Which way does your filter face?

jmastron

LifeTime Supporter
Jul 21, 2014
505
Sacramento, CA
Pool Size
21000
Surface
Plaster
Chlorine
Salt Water Generator
(I'm starting this as a new thread because it's not directly related to the pump selection)

This may be a silly question, but which way does your filter face? I have a Pentair CCP420 that I put in last year:

if200m.jpg


Apologies for the mess, it all needs a good cleaning, and I inherited most of the mess. Anyway, I installed it the way I did because it seemed better to have the drain plug (below the inlet/outlet) accessible and not pointed at the pumps. But when I redo, it would certainly look better with less piping to have the inlet/outlet face the camera. How are most peoples' set up? Is it sufficient to think that when cleaning after I open the air vent the water will drain down to the outlet anyway and be light enough that I can just undo the unions and turn the filter before the final drain? Or was I thinking along the right lines when I installed it facing the way it is now, as stupid as it looks?
 
No, and part of it is determined by where your suction line is. I'd rather have fewer elbows on that side of the pump than the other. That said, I might have eliminated the extra 90s and 45 on the discharge run where it ties into SCH80, but that's not a huge deal.
 
Thanks. Clarifications: The black pipe isn't Sch80; it's just white Sch40 PVC painted black (and oh so much fun to scrape/rub with acetone to get off to glue new fittings to :-( ). That was all there from before we moved in.

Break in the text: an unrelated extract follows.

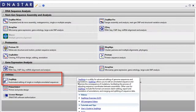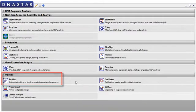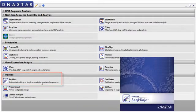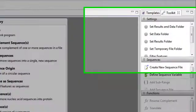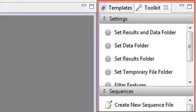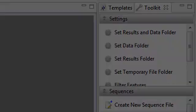SeqNinja is the laser gene core suite's utility for advanced editing of genome sequences and annotations. When you first launch SeqNinja, the template and toolkit panels appear on the right.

I tied it in that weird way because I didn't know what those valves and tees were for and there wasn't enough exposed pipe to remove that last elbow. I just discovered they are from an old solar system that terminates on a roof at the other end of the pool (no panels) with pretty small pipes (1" out, 3/4" back), so I'm going to remove all of the painted pipe to where it goes into the ground on the lower right of the picture, and take a more direct route from the filter to the return pipe. Then I'm going to turn the new pump 90 degrees to the left, so the controls on it are accessible.

Really just trying to decide whether the drain needs to be reasonably accessible/away from the pump (like it is now), or if it's okay to have it face the pump (so I'd have to disconnect the unions and rotate the filter to get to the drain for the last bit of water). I'm leaning toward leaving it oriented the way it is.
 
I think I would rotate the filter 90* to the right and use some 45* fittings instead of 90s. I would not face the drain toward the pump. A lot of water comes out of that drain when you open it. I wouldn't work too hard to rotate that pump either. There isn't that much interaction with the controls and it is pretty easy to work it from any angle.
 
I think I would rotate the filter 90* to the right and use some 45* fittings instead of 90s. I would not face the drain toward the pump. A lot of water comes out of that drain when you open it. I wouldn't work too hard to rotate that pump either. There isn't that much interaction with the controls and it is pretty easy to work it from any angle.

Rotate it 90deg from where it is in that pic, so that the pipes go all the way around it? Or do you mean leave it where it is, rotated 90deg from the pump already? Using 45s is a good idea in any case, I have a pile of 90s ready to go but may get some 45s and see how that goes.

The picture doesn't do justice to the weird pump "house" the previous owner built; the roof is right above the frame, so it's very awkward to get to anything in the middle of the pad (I had to remove the rear roof for the filter to fit). Planning to rebuild as a taller structure, but that's far down on the list. I'm going to be playing with the speeds to see how skimming/cleaning/slow circulation do, and I definitely want easy access to the "Quick Clean" button as I end up adding chlorine at random times late at night often. Eventually an automation system will come with the electrical redo and make that not important, but for now it is.
 
Rotate the filter plumbing 90* toward the camera, counterclockwise. Yeah, to the right was sorta backwards.

That makes more sense, thanks :). I made a top-view diagram to make the options clearer in my head (not to any kind of real scale):
9zwzr7.jpg


I think I'll see how disconnecting the filter goes -- if it drains down below the outlet into the pool and is light enough then to disconnect the unions and move for cleaning in the future (so I can drain away from the pad altogether, then I'll do option B. If it looks like I'm going to want to open the drain in place in the future, then I'll do option A to make that easier.